Lebih lanjut dijelaskan, pada tahun 2026 ini luasan kawasan kumuh di Kota Denpasar sudah dituntaskan berdasarkan pemenuhan 7 parameter kawasan kumuh sesuai dengan Peraturan Menteri PUPR Nomor 14 Tahun 2018. Sehingga dapat dikatakan bahwa Kota Denpasar saat ini sudah tergolong kawasan bebas kumuh.
“Bahwa Pemerintah Kota Denpasar bersama aparatur dinas dan desa adat serta masyarakat terus bergotong royong melaksanakan pengendalian kawasan kumuh, mulai dari pencegahan, pengurangan dan pengentasan kawasan kumuh diseluruh wilayah Kota Denpasar,” ujarnya.

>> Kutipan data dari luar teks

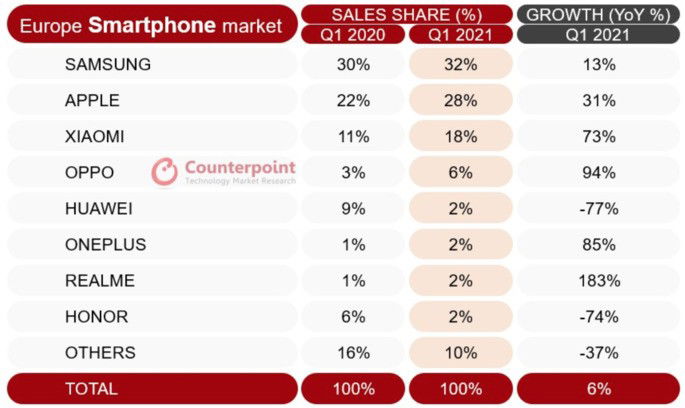 Quota de mercado de smartphones na Europa no primeiro trimestre de 2021 e comparação com o período homólogo. Crédito: Counterpoint Research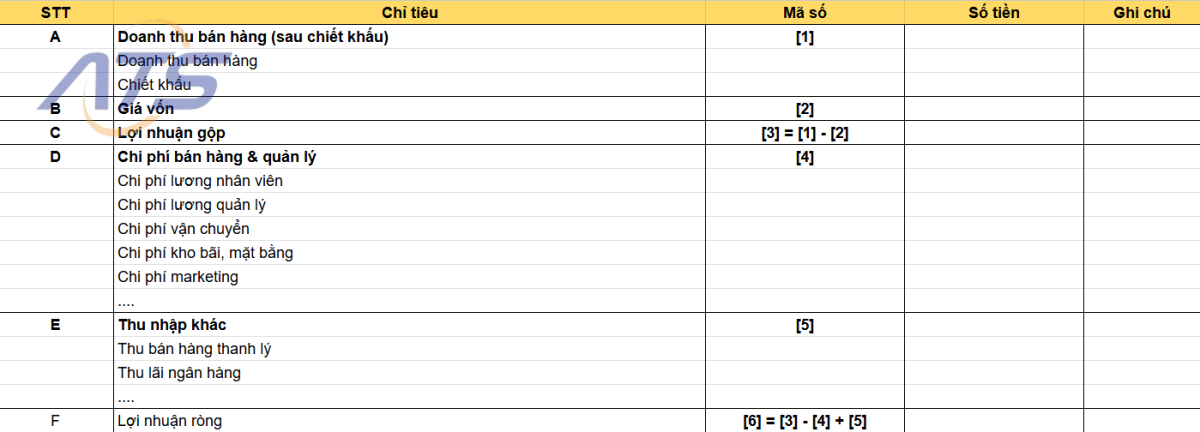 Mẫu file Excel tính lợi nhuận quán cafe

Terkait penataan kawasan Jalan Karya Makmur, pihaknya mengatakan bahwa Pemerintah Kota Denpasar secara administrasi dan aturan sudah dapat melaksanakan penataan. Hal ini mengingat sudah diserahkannya dua SHP atas nama Pemerintah Kota Denpasar.
“Semoga segara bisa ditangani, dan memberikan kemanfaatan yang luas bagi masyarakat di kawasan Jalan Karya Makmur,” ujar Cipta Sudewa. (Ags/HumasDps).